*** PROVIDED DATA ***
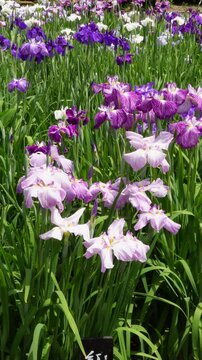 薄紫や濃紫の花菖蒲が咲き競う初夏の堀切菖蒲園（縦動画）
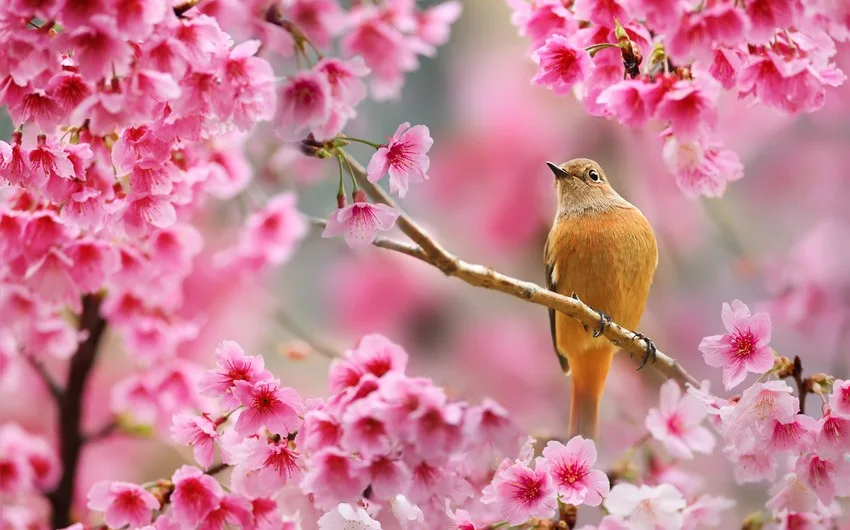 Mart ayının qeyri-iş günləri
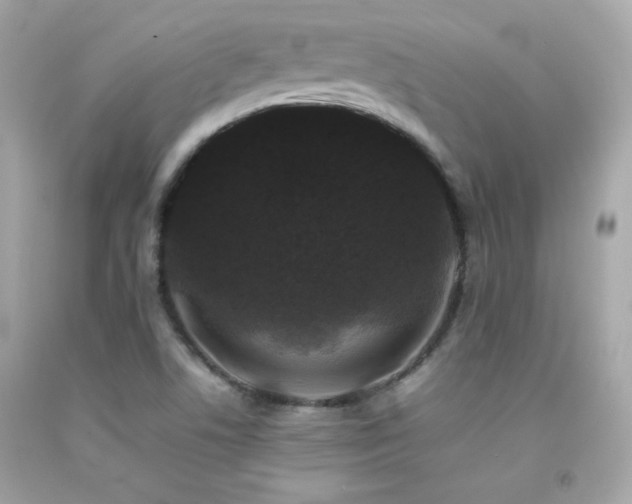 X0000092061506200709121344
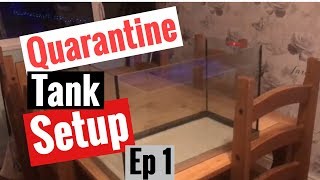 Quarantine tank setup episode 1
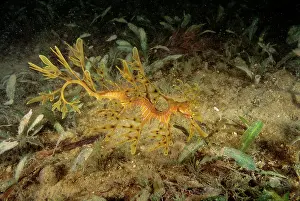 Leafy: Leafy Seadragon - juvenile, not uncommon but rarely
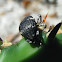 Cactus weevil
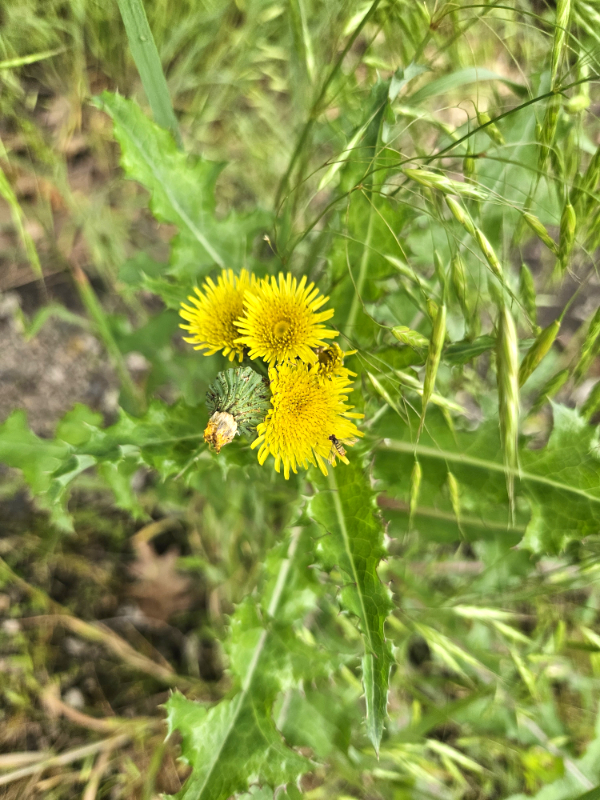 Dandelion blooms and leaves - 10 Edible Weeds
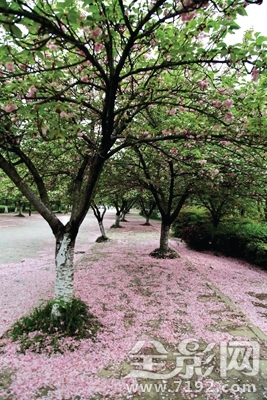 花动一山春色所描绘的情景 花动一山春色的翻译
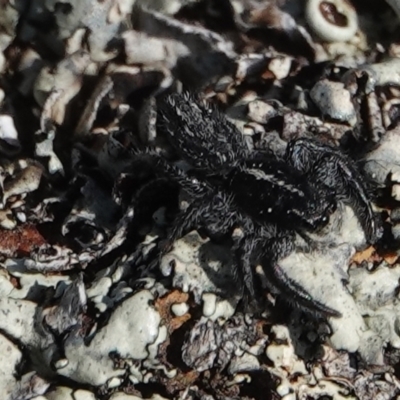 Ocrisiona leucocomis (White-flecked Crevice-dweller) at Hall, ACT - 8 Sep 2024 by Anna123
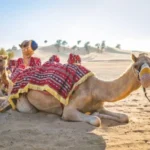 Le Sud tunisien est une terre d’émotions, un tableau vivant où le sable doré se mêle à l’histoire millénaire, où chaque vent du désert porte un parfum d’aventure et d’authenticité. Entre Douz, Tozeur, Tataouine, Matmata et les oasis de montagne, chaque étape est une rencontre, une respiration, une promesse d’évasion. Chez Sud Tunisie, nous vous invitons à découvrir un monde à part, celui du Sahara, à travers des circuits et excursions personnalisés qui reflètent vos envies, vos rythmes et vos rêves. Découvrez dès maintenant nos itinéraires sur mesure ici : 👉 circuits désert Tunisie . Pourquoi choisir un voyage au Sud tunisien ? Le Sud de la Tunisie n’est pas qu’une destination, c’est une expérience sensorielle. On y respire le silence des dunes, on goûte la chaleur humaine des habitants, et on se laisse bercer par la lumière unique du désert. Nous avons conçu nos circuits pour que vous puissiez vivre la Tunisie profonde, celle que les circuits classiques effleurent à peine. Imaginez-vous en 4x4 traversant le Chott el-Jérid, ce lac salé infini où le soleil joue avec les mirages. Plus loin, les dunes de Ksar Ghilane vous accueillent pour une nuit étoilée sous tente bédouine. Vous marcherez sur les traces des anciens caravanes, visiterez les villages troglodytiques de Matmata, et partagerez un couscous au feu de bois avec les habitants du désert. Et si vous cherchez une immersion totale, nos circuits peuvent partir de n’importe quelle adresse en Tunisie : hôtel, aéroport ou domicile. Nous venons vous chercher et nous adaptons votre itinéraire selon vos préférences et la durée de votre séjour (2 jours/1 nuit, 3 jours/2 nuits ou plus). Pour plus de confort, découvrez aussi nos services de navette aéroport qui facilitent vos transferts à l’aller comme au retour. Nos circuits désert les plus populaires Chaque circuit est pensé pour combiner aventure, détente et culture. Vous pouvez partir seul, en couple, en famille ou entre amis, et choisir la durée qui vous convient. Circuit 2 jours / 1 nuit : Douz – Ksar Ghilane – Matmata Un itinéraire court mais intense, parfait pour une première immersion dans le Sahara. Jour 1 : départ de votre hôtel vers Douz, puis traversée du désert en 4x4 jusqu’à Ksar Ghilane. Baignade dans la source chaude naturelle, balade à dos de dromadaire, et coucher de soleil sur les dunes. Nuit sous tente saharienne. Jour 2 : route vers Matmata, célèbre pour ses maisons troglodytiques. Déjeuner chez l’habitant avant de reprendre la route vers votre lieu de départ. Ce circuit, simple et magique, est idéal pour une escapade romantique ou une initiation douce au désert. Circuit 3 jours / 2 nuits : Tozeur – Chebika – Douz – Ksar Ghilane Un itinéraire plus complet, qui allie paysages de montagne, désert et traditions berbères. Jour 1 : découverte des oasis de montagne : Chebika, Tamerza et Mides. Cascades, palmeraies suspendues et vues panoramiques vous attendent. Jour 2 : direction Douz, la “porte du désert”. Balade chamelière, puis départ pour Ksar Ghilane et nuit sous les étoiles. Jour 3 : visite du fort romain, route vers Matmata et retour à Tozeur ou Djerba selon votre point d’arrivée. Une aventure parfaite pour ceux qui veulent voir la diversité du Sud tunisien en trois jours. Circuit 5 à 8 jours : Le Grand Sud et ses secrets Pour les voyageurs qui veulent tout explorer, nos circuits longs traversent les zones sahariennes les plus reculées et vous plongent dans la Tunisie authentique. De Tozeur à Tataouine, en passant par Douz, Chenini, Ksar Ouled Soltane, Matmata et Gabès, vous découvrirez des paysages contrastés : montagnes, dunes, villages berbères et oasis verdoyantes. Ces programmes comprennent des bivouacs confortables, des hébergements typiques, et la possibilité d’ajouter des randonnées à pied ou à dos de dromadaire selon vos envies. Consultez tous les détails ici 👉 circuits désert Sahara . Excursions d’une journée : vivez le Sud à votre rythme Pas besoin de passer plusieurs jours dans le désert pour en ressentir la magie. Nos excursions à la journée permettent de découvrir les plus beaux sites du Sud tunisien depuis Tozeur, Douz ou Djerba. 1. Oasis de montagne – Chebika, Tamerza et Mides Des paysages dignes d’un film ! Vous marcherez dans les palmeraies, longerez les oueds, admirerez les cascades et profiterez d’une vue panoramique sur l’Atlas tunisien. 2. Matmata – Tamezret Partez à la découverte des maisons troglodytiques creusées dans la roche. Vous y rencontrerez des familles berbères et goûterez la cuisine traditionnelle du Sud. 3. Ong Jmel et le Chott el-Jérid Découvrez les décors de cinéma de Star Wars et les mirages du plus grand lac salé de Tunisie. Un spectacle unique entre ciel et terre. Pour plus d’idées, explorez nos excursions en Tunisie et laissez-vous inspirer par nos articles de blog dédiés aux expériences à ne pas manquer. Randonnées et treks dans le Sahara tunisien Le Sud n’est pas seulement un lieu de contemplation, c’est aussi un terrain d’aventure. Nos programmes de randonnée montagne et Sahara permettent de marcher au rythme du vent et du silence. Que vous soyez amateur de marche douce ou passionné de trekking, nos guides vous accompagnent sur des sentiers hors des sentiers battus, entre plateaux rocheux, dunes et oasis secrètes. Chaque soir, un bivouac vous attend, avec dîner au feu de camp, ciel étoilé et hospitalité saharienne. Nos services : confort, sécurité et authenticité Pour garantir un voyage sans stress, nous mettons à votre disposition : Des 4x4 climatisés et récents, conduits par des chauffeurs professionnels. Des guides locaux expérimentés, passionnés par leur région. Des repas traditionnels préparés sur place : couscous, tajine, pain tabouna, dattes et thé à la menthe. Des hébergements soigneusement sélectionnés : maisons d’hôtes, tentes nomades, lodges dans les oasis. Et pour vos déplacements, notre service de navette aéroport vous accueille dès votre arrivée à Tozeur, Djerba, Gabès ou Tunis. Culture, gastronomie et rencontres : le cœur du voyage Le Sud tunisien, c’est aussi la chaleur humaine de ses habitants. Dans chaque village, on vous accueillera avec un sourire sincère et un thé brûlant. Les marchés regorgent d’épices colorées, de tapis tissés à la main, de poteries et de bijoux berbères. Côté gastronomie, attendez-vous à des repas simples mais savoureux : couscous aux légumes, brik croustillante, méchoui d’agneau, datte Deglet Nour fondante. Et le soir, autour du feu, laissez-vous bercer par les chants traditionnels et le silence magique du Sahara. Personnalisez votre voyage dès aujourd’hui Chaque voyageur est unique, et c’est pour cela que nous proposons des circuits personnalisés selon vos envies et votre budget. Que vous souhaitiez un voyage romantique à deux, une aventure entre amis, ou une expérience familiale, nous adaptons chaque détail : durée, hébergement, repas, rythme et itinéraire. Demandez votre devis gratuit dès maintenant. Notre équipe vous répond rapidement avec des propositions claires, flexibles et sans engagement. Nos départs possibles en Tunisie Peu importe où vous vous trouvez : Tunis, Sousse, Gabès, Djerba, Tozeur ou Monastir… Nous organisons un transfert direct jusqu’à votre point de départ d’excursion. Vous pouvez même combiner plusieurs régions : désert + montagne, ou Sahara + île de Djerba. Avec notre service de navette aéroport , votre expérience commence dès votre arrivée. Avis et témoignages de voyageurs Nos voyageurs reviennent souvent émerveillés de leur expérience dans le Sud tunisien. Vous pouvez lire leurs avis et partager le vôtre sur TripAdvisor – Sud Tunisie . Leurs récits parlent d’émotions vraies, de rencontres marquantes, et d’un dépaysement total. Car ici, chaque détail compte : le parfum du sable, la chaleur du feu, la gentillesse des gens. Prêt à vivre le Sahara tunisien ? Nous croyons qu’un voyage réussi, c’est un mélange parfait entre nature, culture et aventure. Nos circuits et excursions sont faits pour vous ressembler : vous choisissez la durée, le style et le rythme. 👉 Découvrez tous nos circuits dans le désert . 👉 Explorez nos idées de randonnée dans le Sahara . 👉 Demandez un devis gratuit et personnalisé . 👉 Consultez nos excursions en Tunisie et notre blog de voyage pour encore plus d’idées. Et surtout, préparez-vous à vivre une aventure inoubliable, là où le désert rencontre le ciel, et où chaque silence raconte une histoire.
*** End of PROVIDED DATA ***
**EXERCISE DESCRIPTION**
Reproduce the lines above beginning at the line that contains "Dandelion blooms and" and ending at the line that contains "Ocrisiona leucocomis (White-flecked". No pictures.

**SOLUTION**
 Dandelion blooms and leaves - 10 Edible Weeds
 花动一山春色所描绘的情景 花动一山春色的翻译
 Ocrisiona leucocomis (White-flecked Crevice-dweller) at Hall, ACT - 8 Sep 2024 by Anna123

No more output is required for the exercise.